# Rod Case



## whalernut207 (Nov 9, 2013)

Want to keep your rods safe from the kids stepping on them during a road trip . I took a piece of vinyl down spout cut it to length put some ends on it an volla. The ends I got at Menards they are to keep rodents out of your downspouts.i put a little foam in the tip end. The end caps have a nice clip system for easy on off. I glue and screwed my ends with a small self tapping screw. Much lighter than pvc .can only fit about 3 rods.unless you put rods in from each end. Which probably isn't good on your eyes.


----------



## Fins 2 (Sep 27, 2014)

Nice Idea !


----------



## RiparianRanger (Nov 18, 2015)

`


----------



## Snakecharmer (Apr 9, 2008)

I'll have to be on lookout for those rodent caps. That makes it work.
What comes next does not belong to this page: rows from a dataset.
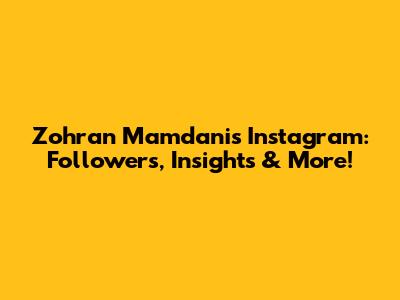 Zohran Mamdani's Instagram: Followers, Insights & More!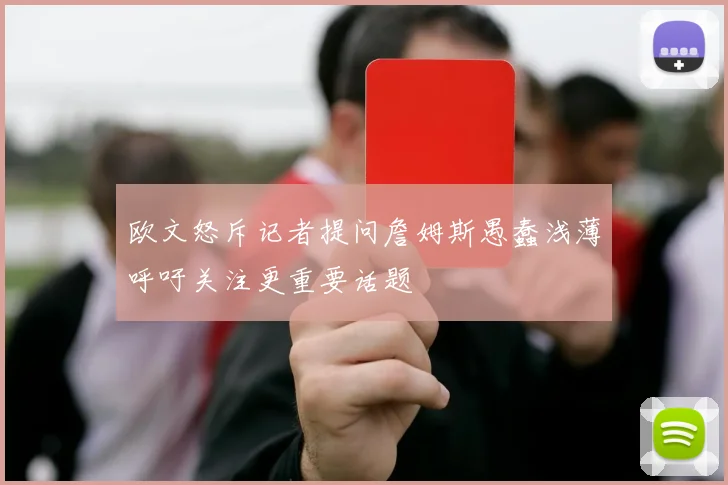 欧文怒斥记者提问詹姆斯愚蠢浅薄呼吁关注更重要话题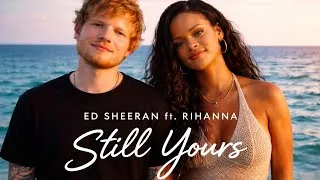 Thumbnail: Ed sheeran ft Rihanna (OFFICIAL MUSIC VIDEO 2026)FT RIHANNA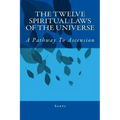 The Twelve Spiritual Laws Of The Universe: A Pathway To Ascension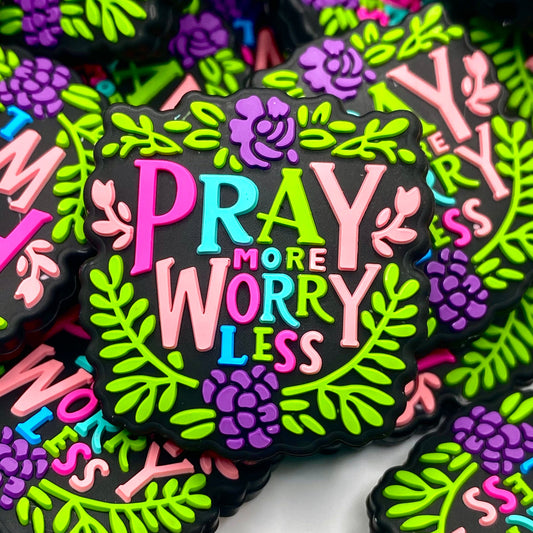 Pray More Worry Less Silicone Focal Beads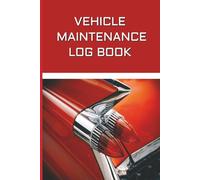Vehicle Maintenance Log Book: A Comprehensive Service & Repair Record Book for Any Vehicle, The Simple Car Care Tracker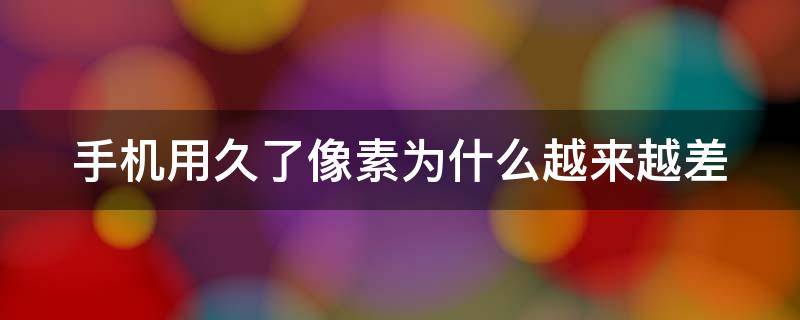 手机用久了像素为什么越来越差 手机用久了像素为什么越来越差了呢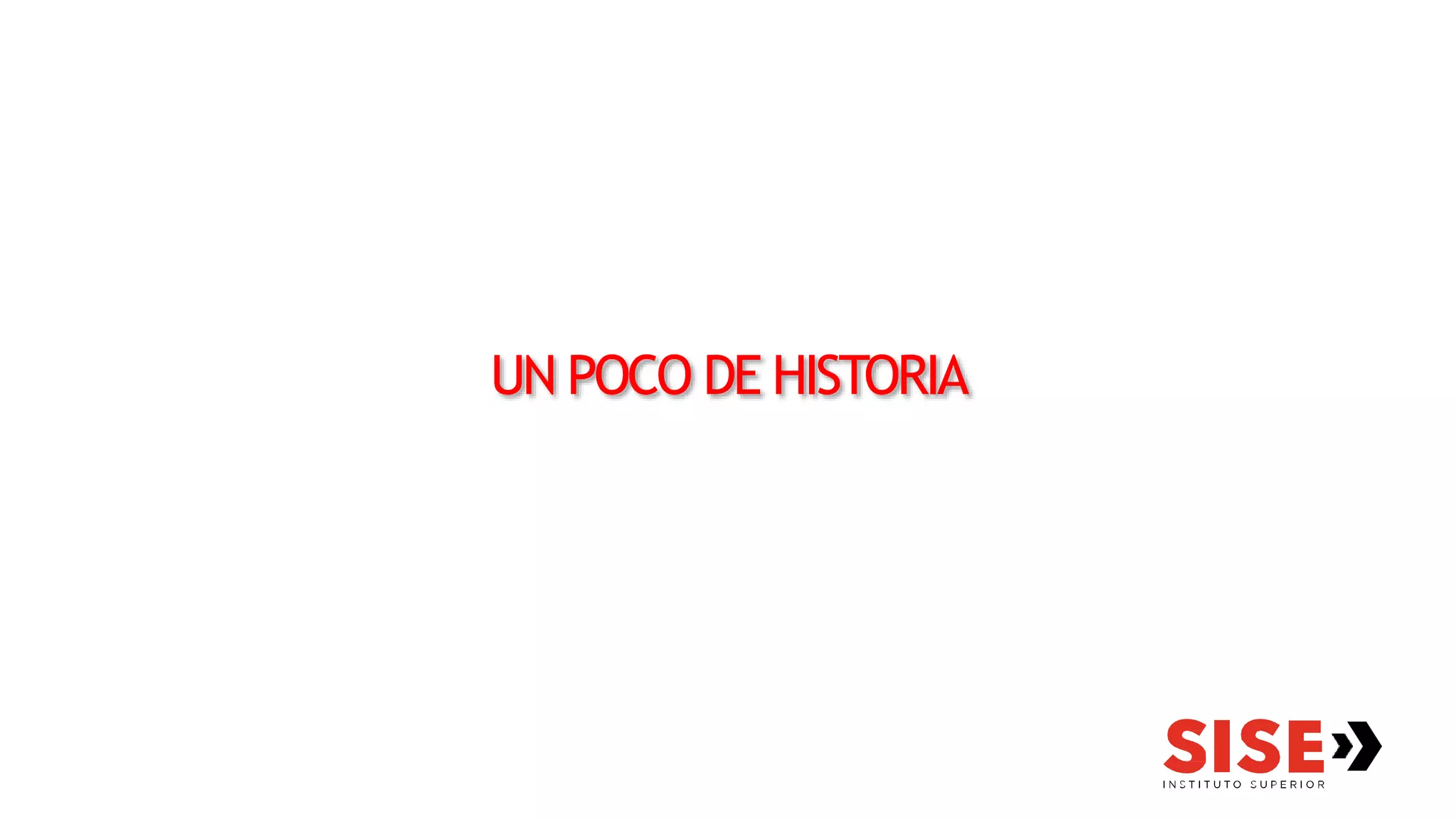 UN POCO DE HISTORIA
 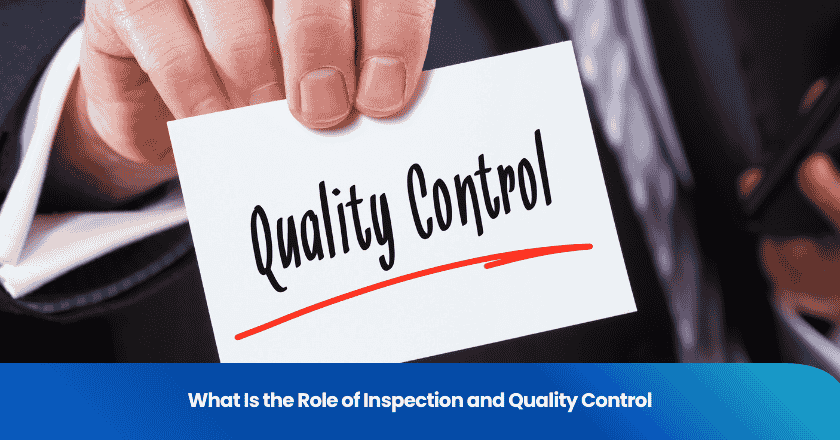 What Is the Role of Inspection and Quality Control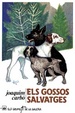 Cover of Els gossos salvatges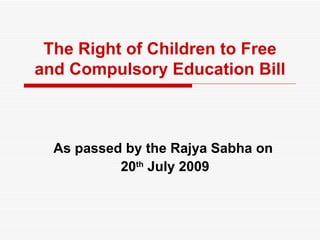 The Right of Children to Free and Compulsory Education Bill As passed by the Rajya Sabha on  20 th  July 2009 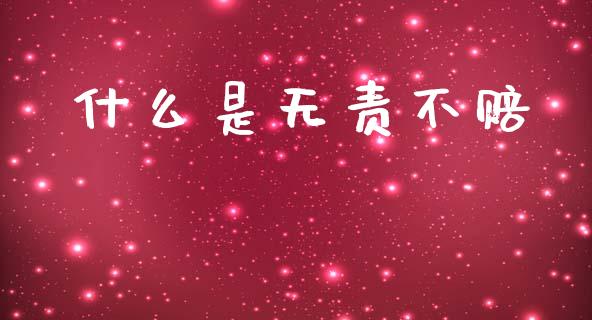 什么是无责不赔_https://m.fansifence.com_贵金属行情_第1张
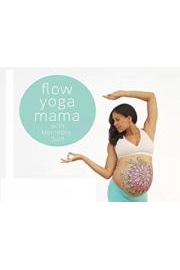 Flow Yoga Mama with Mercedes Sieff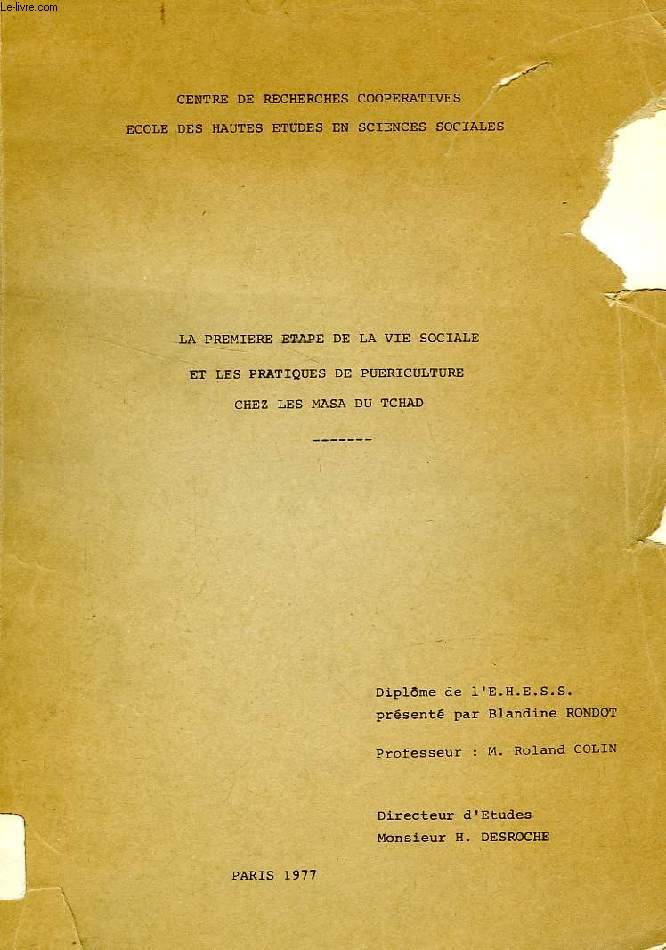 LA PREMIERE ETAPE DE LA VIE SOCIALE ET LES PRATIQUES DE PUERICULTURE CHEZ LES MASA DU TCHAD (THESE)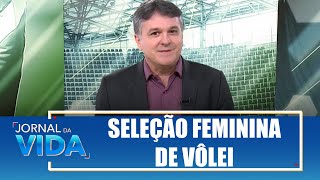 O trabalho brilhante da Seleção Feminina de Vôlei – William – Jornal da Vida – 070824 [upl. by Lorolla]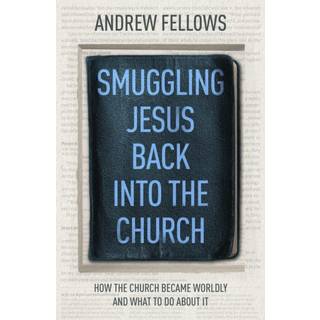 Smuggling Jesus Back into the Church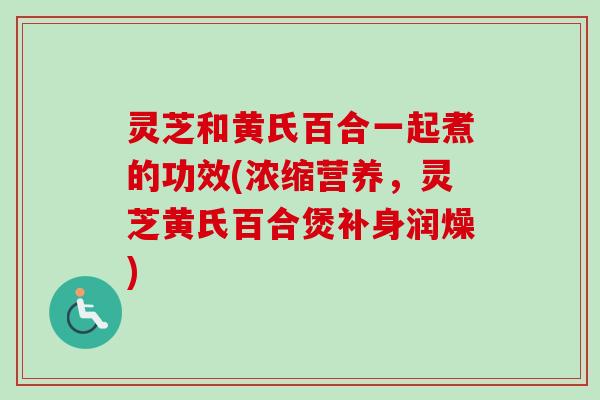 灵芝和黄氏百合一起煮的功效(浓缩营养,灵芝黄氏百合煲补身润燥)-第1张图片-卓越灵芝孢子粉 灵芝和黄氏百合一起煮的功效(浓缩营养,灵芝黄氏百合煲补身润燥)-第1张图片-卓越灵芝孢子粉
Thanks!


----------



## whalernut207 (Nov 9, 2013)

Cost was only 10 or $12 really cheap and light
weight.have used mine twice already.defintely paid off . You have to buy a 10 ft piece of down spout.i too made mine 7'6".


----------



## saugmon (Jun 14, 2006)

I've used that pvc gutter/down spout and haven't seen the screens. They've got the down spouts dirt cheap at my local habit for humanity.I'll pick up odd brackets there,just never seen those screens. Guess a trip to menards is in the future.

The way I made my travel rod case, I used 4" pvc with 2 end caps. Very very strong and holds 4 7' rods.


----------



## baitguy (Dec 17, 2013)

I've used the PVC pipe as well, you can make it whatever diameter you need ... it's a little heavier but not that much, and more durable than the downspout


----------